You Won't Get What You Want by DaughtersRelease date: October 26, 2018
After eight years away the prodigal Daughters return with the snotty provocation You Won’t Get What You Want. See now, that kinda depends there don’t you think? Are we talking about a general life rule or just this new record? Turns out what they’ve brought for us here is a weighty slab of bruising, intelligent noise rock. Maybe we didn’t know we wanted it, but here’s plenty to enjoy about it all the same.

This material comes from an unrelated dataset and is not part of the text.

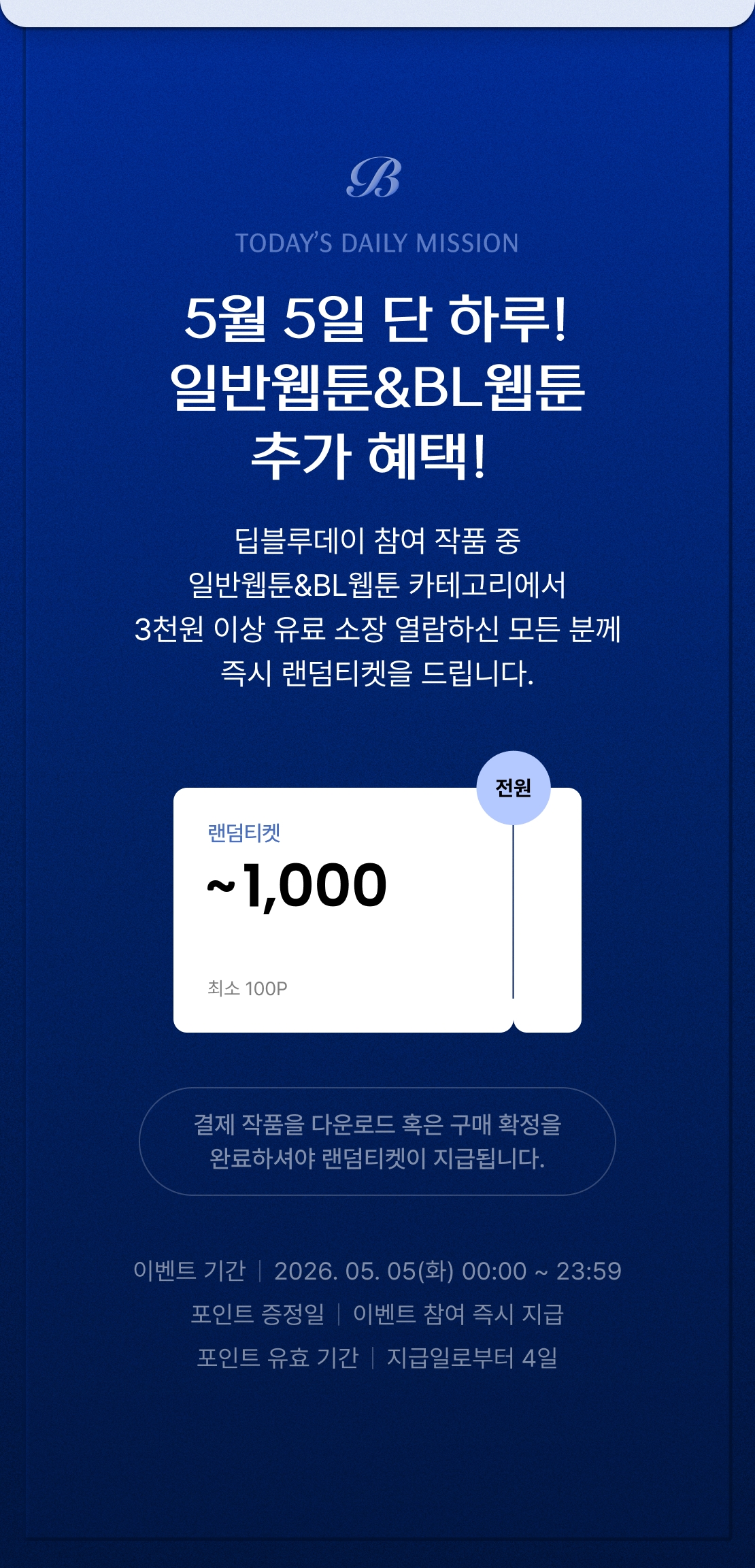 마크다운 이미지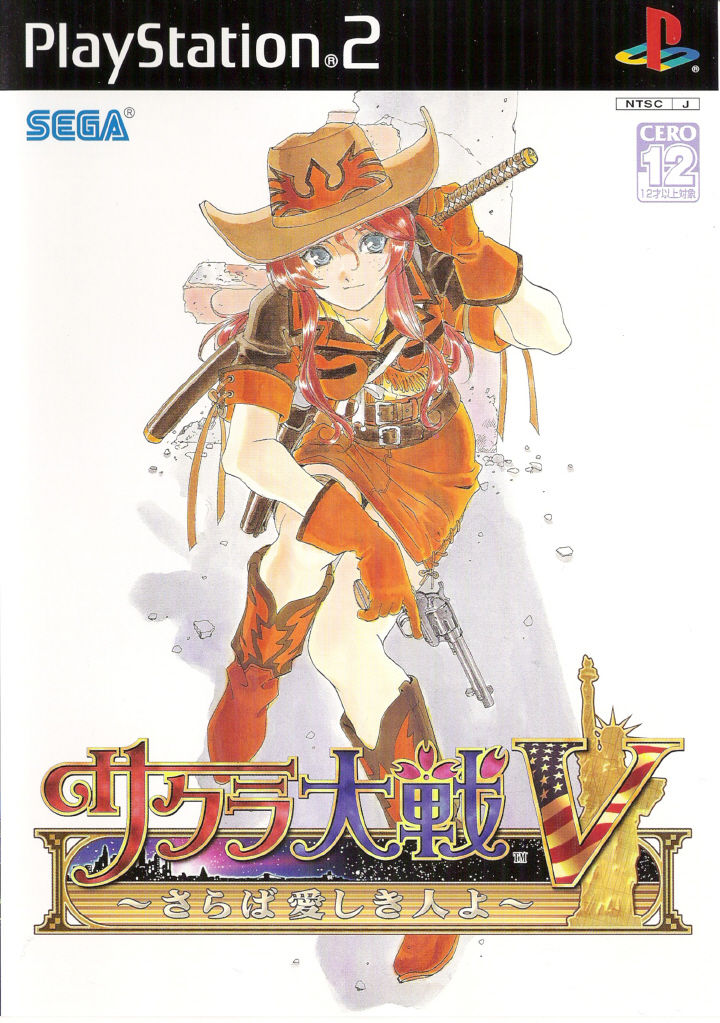 Sakura Wars: So Long, My Love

They stick with the defiant shrug of the title as the album opens with a minute and a half of tense drone and isolated drum beats before ‘City Song’ crashes fully into motion. An insomniac headache beset by aural hallucinations and moans, its final minute twists its electronic pulse into squealing crumpling shapes. It screeches to a halt leaving Alexis Marshall sleep mumbling while wide awake. ‘Long Road No Turns’ is a more pummeling attack, a nauseous swirl, relentless anxiety. ‘Flammable Man’ and ‘The Lord’s Song’ bring short blasts of horror scree, grating guitars and synths on stun.
It’s tempting to ignore the band’s history but the weight of it and the resulting confrontation of expectations is right there in the album’s title. So here goes, like plenty of other people I discovered Daughters through their last, self titled, album by which time the band had already fallen apart. It’s a good record, if you don’t know it, check it out. It seems that their falling out was in large part down to actual ‘musical differences’ about the record rather than the traditional euphemism for “I hate your guts and wish you all dead” we’re used to. Although there’s bound to have been some of that too. It hasn’t really taken eight years to patch things up either, everyone was friends again by 2013. It’s taken them five years to make this album because life, illness, jobs and other bands got in the way.

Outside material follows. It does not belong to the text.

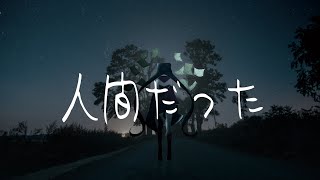 【感情】人間だった 歌ってみた AZKi【I Was Human】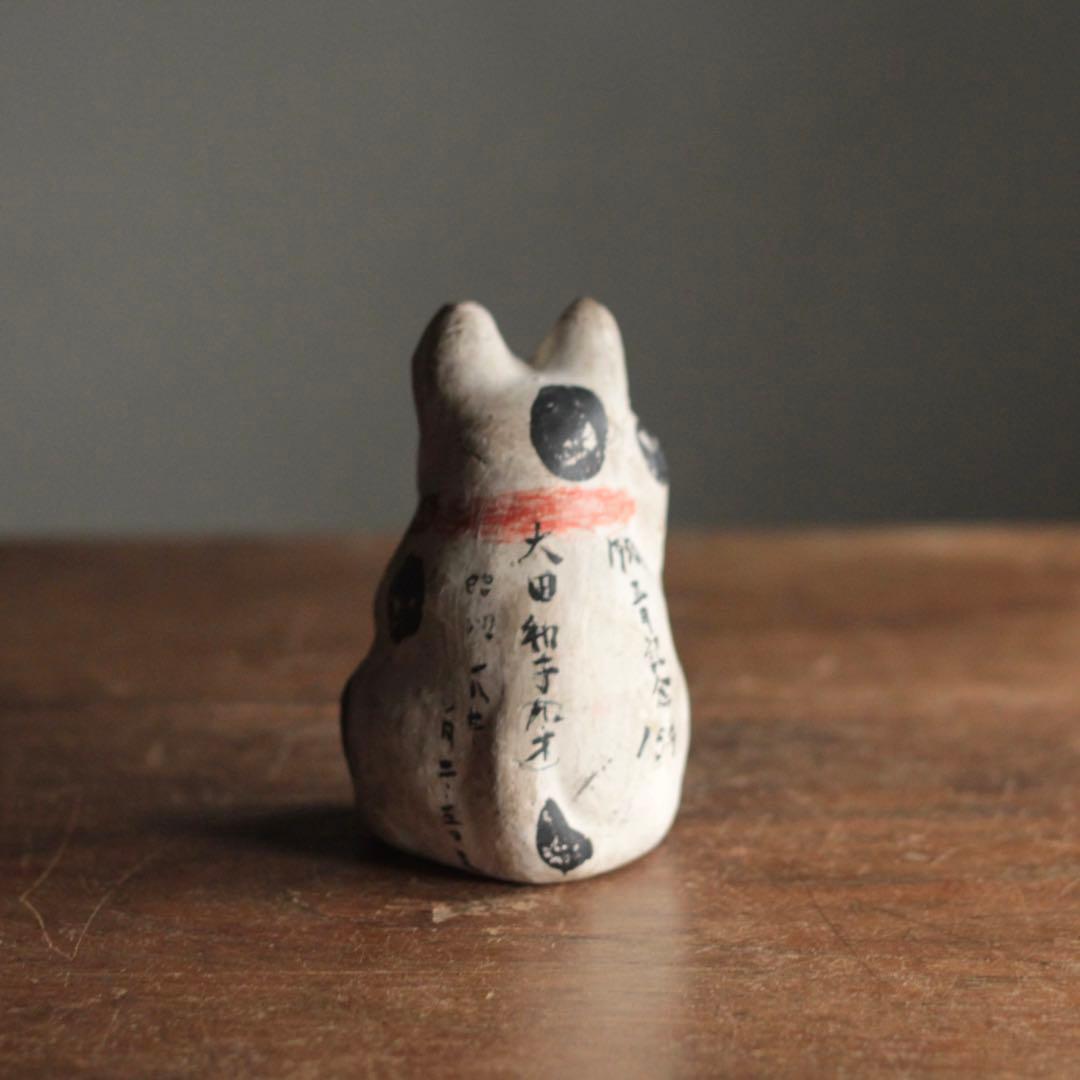 古い 土人形 招き猫 1950年制作 古道具 アンティーク オブジェ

The first track to appear ‘Satan In The Wait’ is a seven minute epic steadily churning forwards. Marshall declaims a tale destined to unravel over multiple listens while being pushed down into the track by a bright, circling synth line. The other tune trailing the record, ‘The Reason They Hate Me’, is a more down the line noise rock rager with a pleasing shot of Jesus Lizard punch and swing about it. “Don’t tell me how to do my job” Marshall snarls as the synths mutate into screaming metal seagulls. Elsewhere ‘Daughter’ is more spacious and cinematic, a jazz noir mood eventually overtaken by horror soundtrack synth. The menacing deep pulse and noise bursts of ‘Less Sex’ even has something almost Depeche Mode about it weirdly enough.

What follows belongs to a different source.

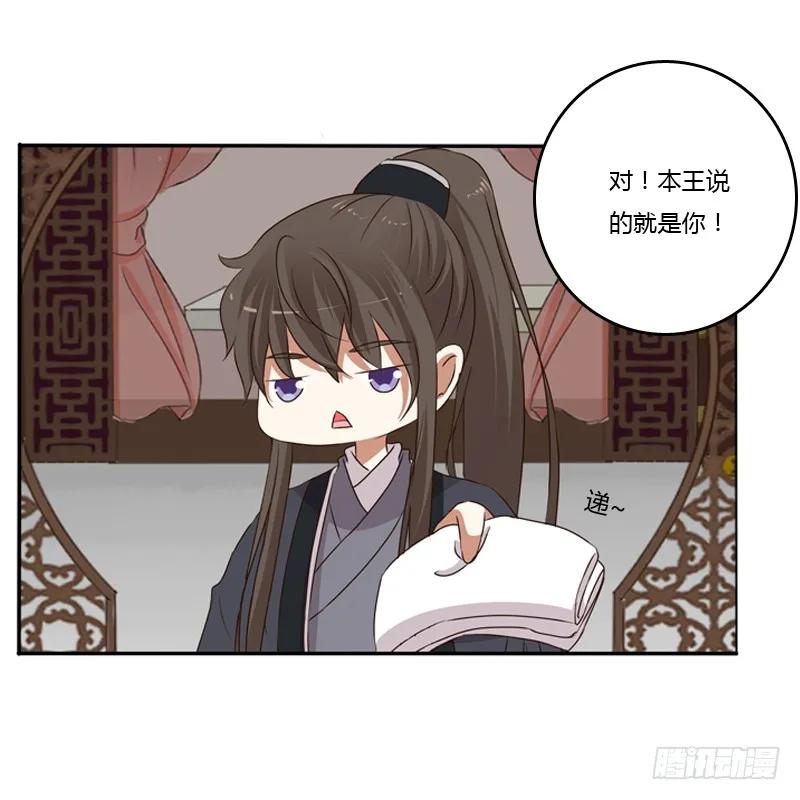 《通灵妃》我不干了！ 第27页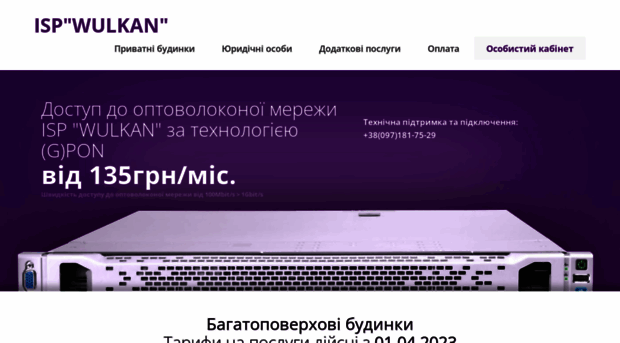 qlan.com.ua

On the closing ‘Guest House’ the pounding drums, desperate vocals and claustrophobic wall of noise gives way once again to ominous waves of synth. For the most part You Won’t Get What You Want is an intense and breathless ride through dark and unfamiliar neighbourhoods. Honestly, if you liked their last album and you wanted a new one then, despite protestations, this pretty much gives you what you want.